On the road
Notes from the drift.
Davos, Switzerland, 1964
I was a school-boy of fourteen, in what would turn out to be the last summer of my childhood. A year later I’d be out of school, heading for dead-end work.
I don’t know how my parents paid for the trip. They didn’t have much money at the time, but they did cough up the necessary amount, somehow. I didn’t think about how they did it. My friends were going, and so I had to go, too. I filled out the form for a passport, had my dad sign it, and had my picture taken at Mr. Peabody’s photograph shop. I waited impatiently for the middle of June, when I was finally off with my mates: Johnny Frear, Barry Welch, Johnny Folkes, and others whose fresh faces I can still see but whose names I have lost.
We met early one morning at the train station in Leicester and took an express to London. The journey unfolded in increasingly exciting stages: the tube to Waterloo, the train to Dover, the cross-channel ferry boat to Calais, the Orient-express to Basle, the rattling little Swiss train to Davos. And as I looked out the window on each leg of the journey, more and more I entered a world stripped of familiar sites, signs, and understandings. I loved it. Something entered me in the journey. My first trip abroad. Or I entered something I will call the world. By the time we stepped down from the carriage onto the gravel by the side of the track in Davos, and as we joked around and pushed each other as boys do, I knew I never ever wanted to go back to the life I’d lived up til now, and most of me didn’t go back.
Bruce Peninsula, Canada, 1995
At the information center, a sign says that 12,000 years ago the spot I am standing on was buried by the last ice age. It scraped right across here, hundreds of feet thick. I suppose, in a way, it’s a form of disaster tourism, where you imagine yourself watching an ice age advance. Two pairs of long underwear? Three pairs of socks? I noticed how notched and carved all the rocks around me were. According to a leaflet at the center, if a child from 40,000 years ago was transported to now and was brought up in a contemporary family, you couldn’t tell the difference between that child and today’s kids. I think the point they were stressing was we humans hadn’t changed but the weather had. I think we were supposed to imagine ourselves 40,000 years ago. We’d be looking at the same rocks.

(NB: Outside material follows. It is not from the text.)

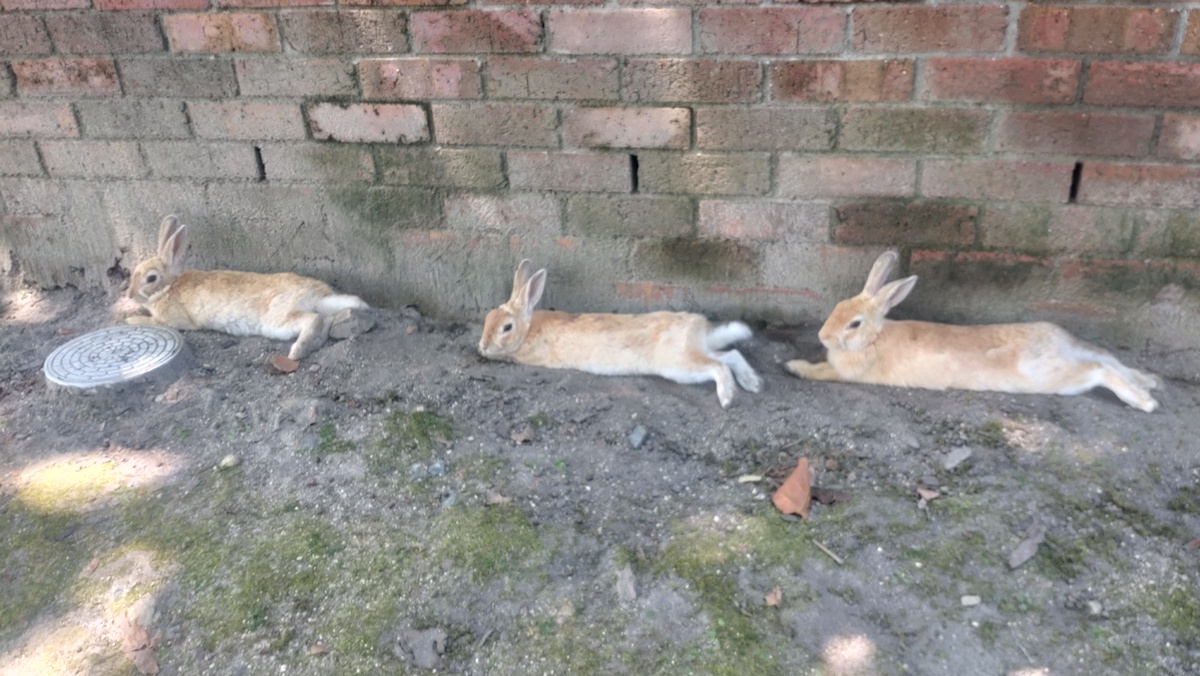 kakimiya_nazo's tweet photo. うさぎ島で見た縦列駐車🐰 https://t.co/auuEcJqKF8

It took a long time to get food at the Grand View restaurant on my first night in the area. While we were waiting, it was suggested, again, in the menu, we think about geological time. Does that slow down hunger? It does not. If you are not waiting to eat, you might be interested to know, it took it took four-hundred million years form the view from Tobermory Bay. You might also be interested to know there was more time between the Silurian and the Jurassic eras than between the Jurassic period and now. According to the menu, the Silurian age was so long ago that north was in the east and the table I was sitting at was 10 degrees south of the equator. In that case, I wouldn’t actually be sitting here. I’d be swimming off a vast coral reef, where maybe I would hear about the specials.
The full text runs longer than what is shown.